ArroyoSystems / arroyo

Distributed stream processing engine in Rust
https://arroyo.dev
Apache License 2.0
3.81k stars 220 forks source link

Enable Automatic Schema Retrieval in DDL for Kafka Sources Using Confluent Schema Registry #692

Open hazelnut-99 opened 4 months ago

hazelnut-99 commented 4 months ago

When creating a new source connection through the web UI and selecting Avro as the data format with Confluent Schema Registry as the schema type, users can omit specifying the schema, as it is automatically loaded from the Confluent Schema Registry.

However, when defining a source using DDL within a pipeline, it currently requires explicit schema definition. For instance, the following DDL statement:

CREATE TABLE my_kafka_source WITH (
    'connector' = 'kafka',
    'avro.confluent_schema_registry' = 'true',
    'bootstrap_servers' = 'my_server',
    'schema_registry.endpoint' = 'my_endpoint',
    'type' = 'source',
    'topic' = 'my_topic',
    'bad_data': 'drop',
    'source.offset': 'latest',
    'source.read_mode': 'read_committed',
    'sink.commit_mode' = 'at_least_once',
    'format' = 'avro'
);

leads to an error when subsequently trying to query the table:

SELECT my_field FROM my_kafka_source;

Error: Schema error: No field named my_field.

It would be nice if ad-hoc DDLs inside pipeline definition could support automatic schema retrieval from the Confluent Schema Registry, similar to the functionality available in the web UI.
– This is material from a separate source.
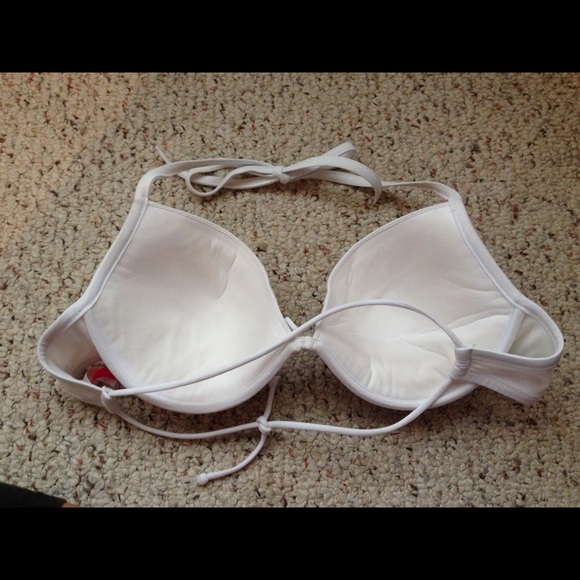 Victoria Secret bikini top! - Picture 2 of 4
mwylde commented 4 months ago

Agreed, this would be a great feature. It's a bit tricky because the schema is needed for planning, so this would add a dependency on schema registry as part of SQL planning. The schema might also change, which means that the same query might plan today but fail tomorrow. There also wouldn't be feedback for the user as to what the schema is. I think these issues are surmountable, but will require some design work.